The architecture along the Bund or Waitan is a living museum of the colonial history of the 1800s. The area centers on a section of Zhongshan Road within the former Shanghai International Settlement.
The word bund means an embankment or an embanked quay. It was initially a British settlement; later the British and American settlements were combined in the International Settlement.
The Bund is a mile-long stretch of waterfront promenade along the Huangpu River. There are 52 buildings of various architectural styles, including Gothic, baroque, and neoclassical styles.
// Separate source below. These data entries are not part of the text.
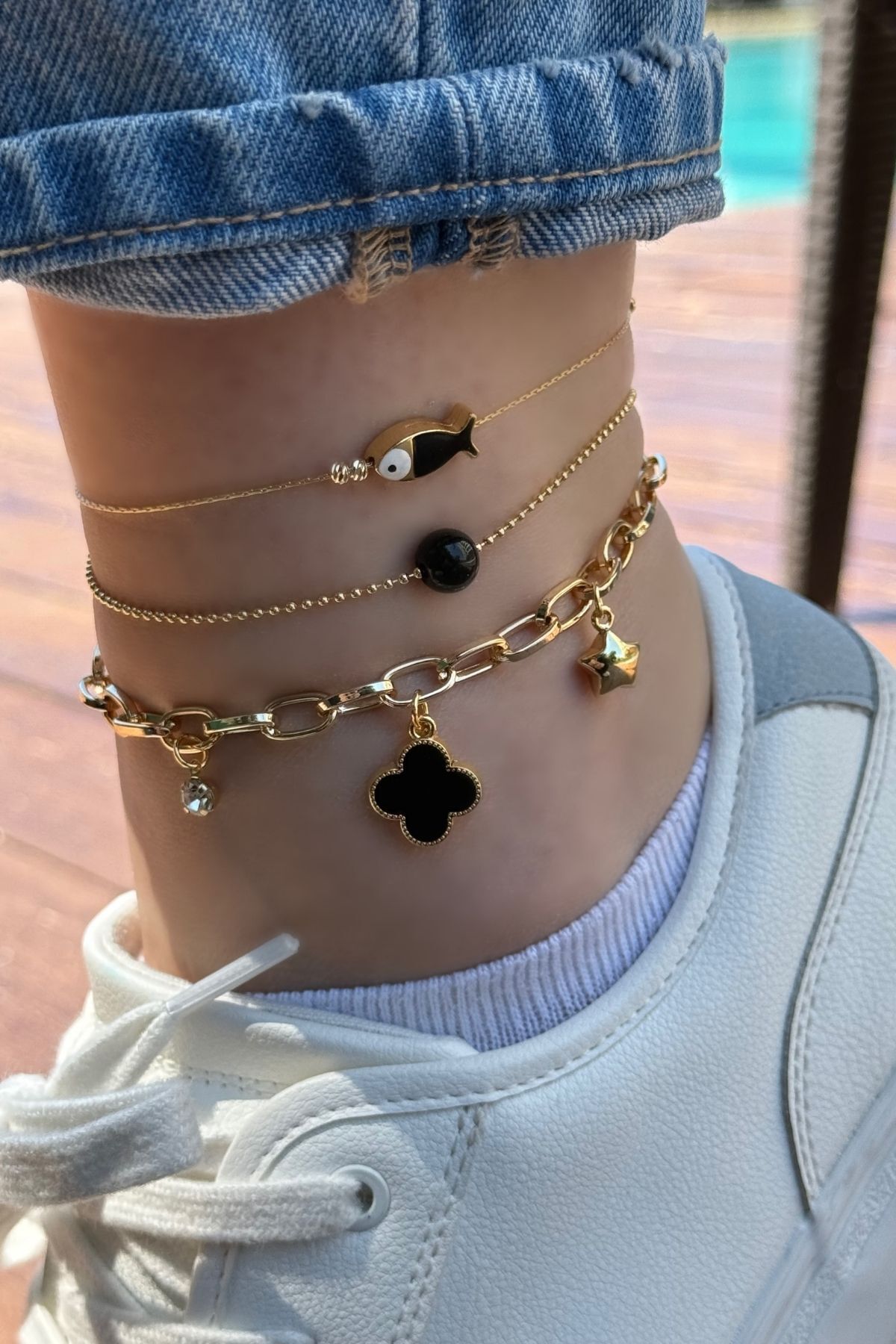 Trendy Butik Yonca Halhal Kombini (3 Adet)
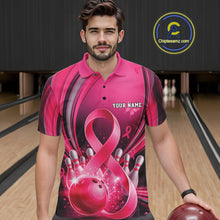 Load image into Gallery viewer, Custom Hope Pink Ribbon Breast Cancer Awareness Bowling Team Polo Shirt For Men IPHW11332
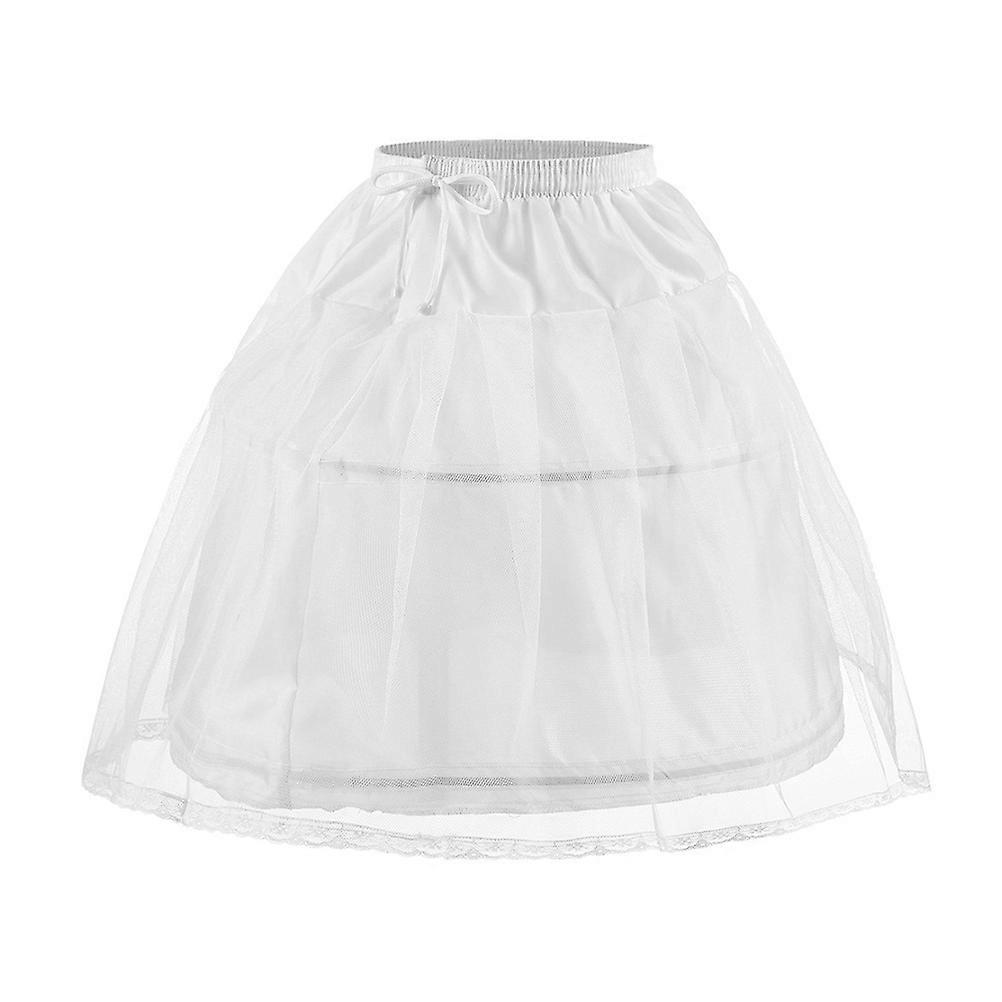 Layered Girls Underskirt Made Of Polyester Material Suitable For Birthday Parties In White Color 1Pcs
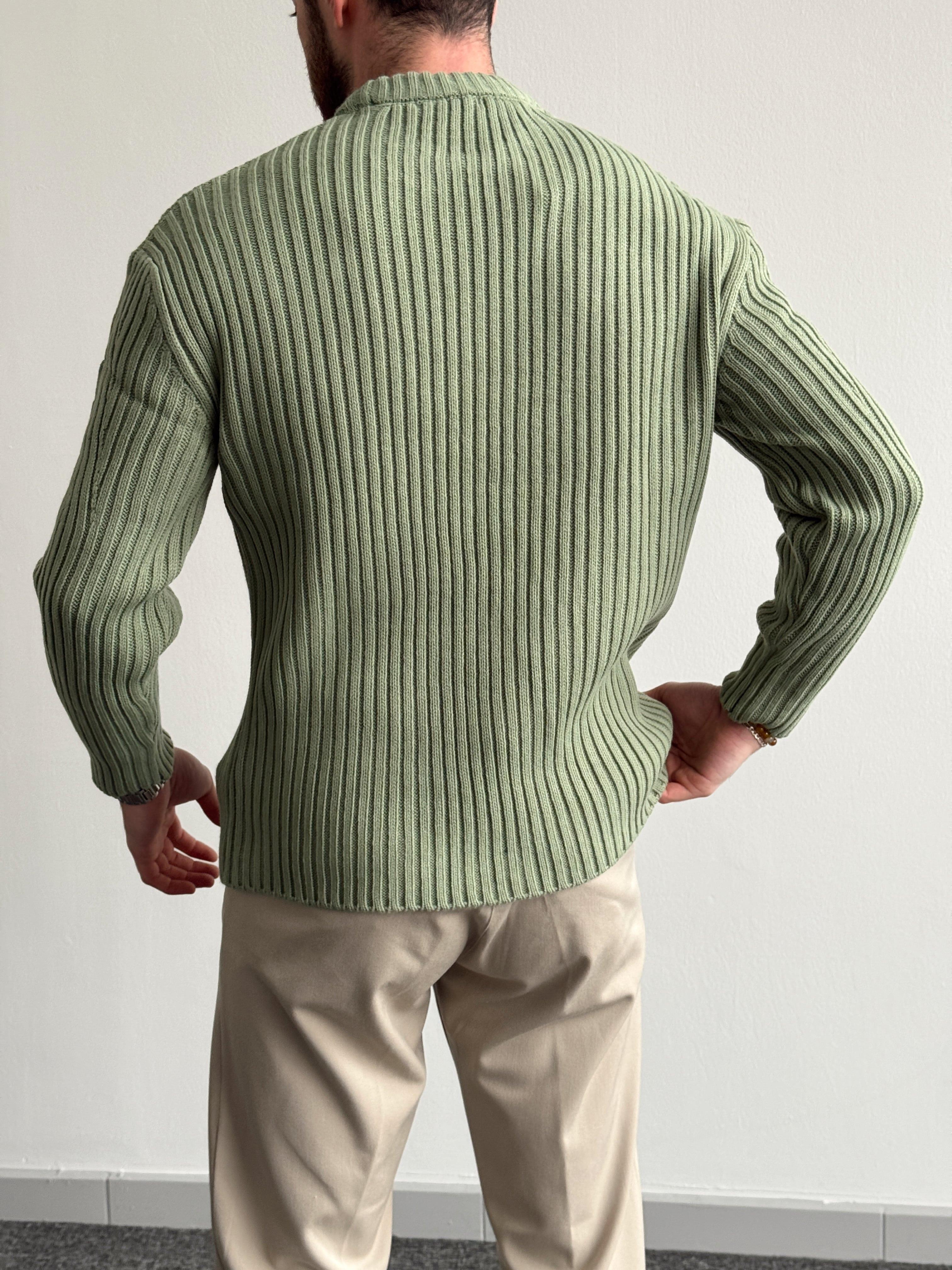 Erkek Premium Kalite Selanik Örgüsü Bisiklet Yaka Oversize Triko Kazak-Mint(E1201)Ketench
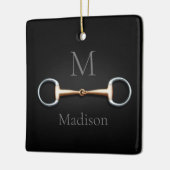 Eggstut Snaffle Bit Monogrammed Equestrian Keramisch Ornament (Links)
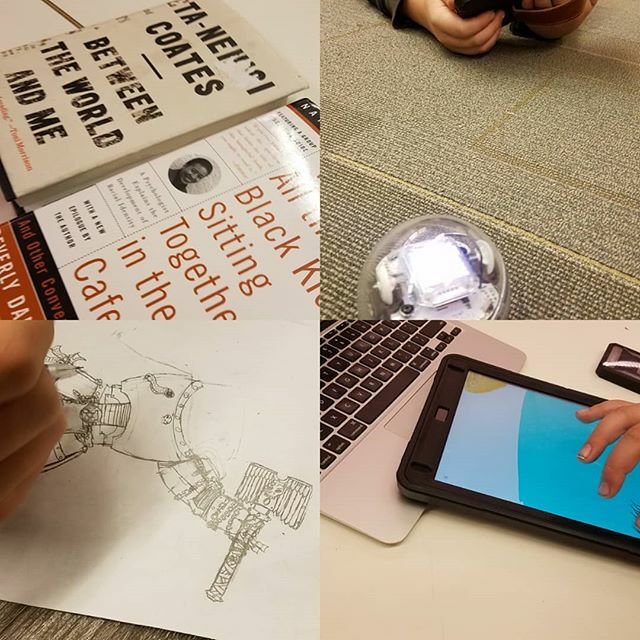 A collage of four photos: The top left shows two book covers,  Between the World and Me and Why Are all the Black Kids Sitting Together in the Cafeteria. Top right: a Sphero robot on a carpet with a student's hand in the background. Bottom left: A hand using a pencil to draw an arm holding an axe. Bottom right: a hand on an iPad lying on top of a laptop.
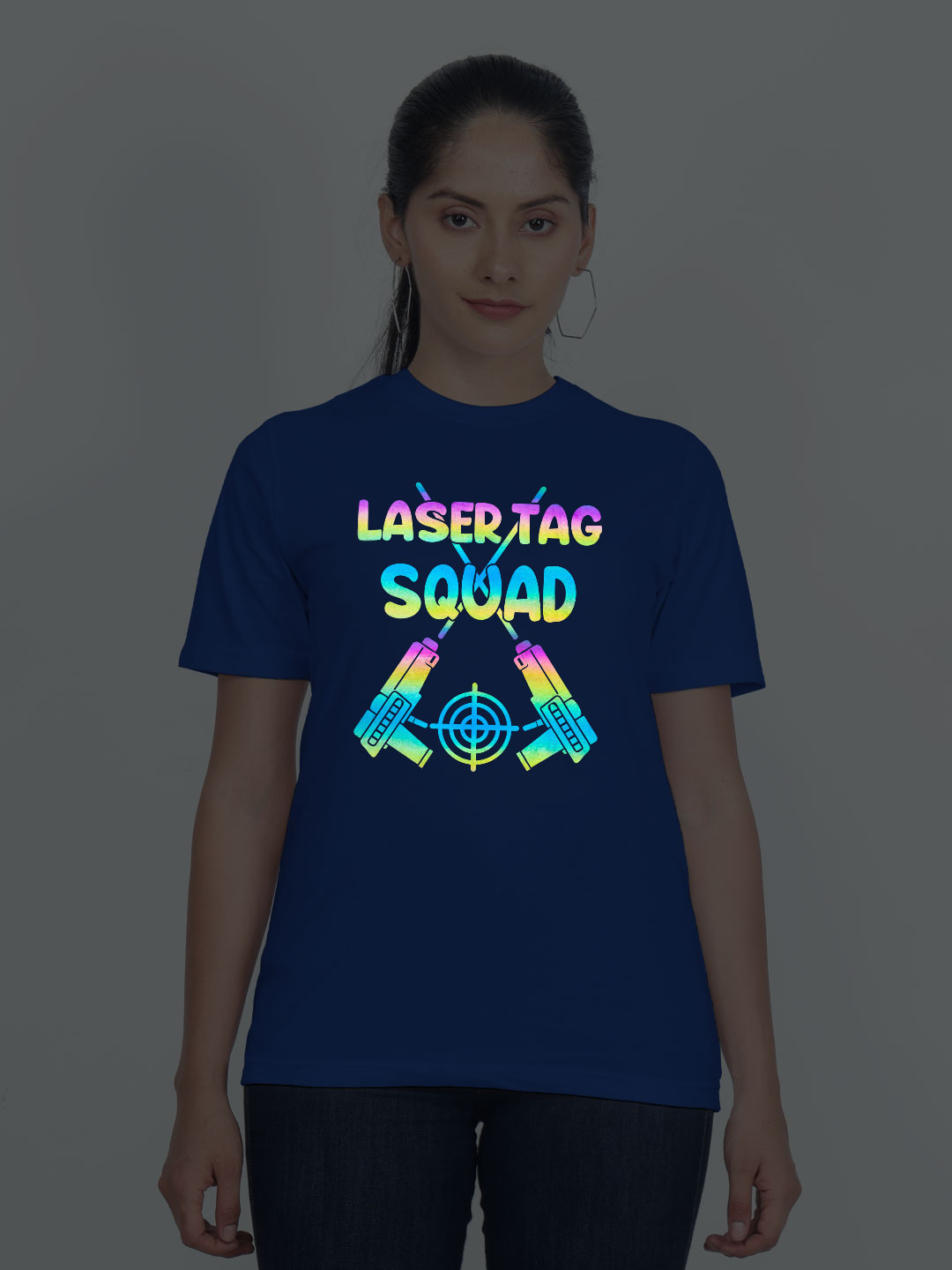 Rblue Cotton Laser Tag Squad Rainbow Women T-shirt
The area is often referred to as “the museum of buildings”.
Building styles include Romanesque Revival, Gothic Revival, Renaissance Revival, Baroque Revival, Neo-Classical or Beaux-Arts, as well as a number in Art Deco style.
Having seen these buildings initially the night before, mostly lit up, our viewing this morning was from the land side, and particularly interesting in that the colonial architecture was really fascinating considering their location, but not surprising given Shanghai’s history. A lot of these buildings would be more at home in London, that out in the far east.
The Bund waterfront is about two kilometers long and impossible to cover in the time allowed for this part of the tour.
There was just enough time to get photos of the waterfront and the old buildings.
Some of these buildings had odd shapes, like one on the far right that looks like a bottle opener.
And, for some odd reason, a bull.
On the other side of the water, the sights that had been quite colorful the night before, were equally impressive though somewhat diminished by the haze.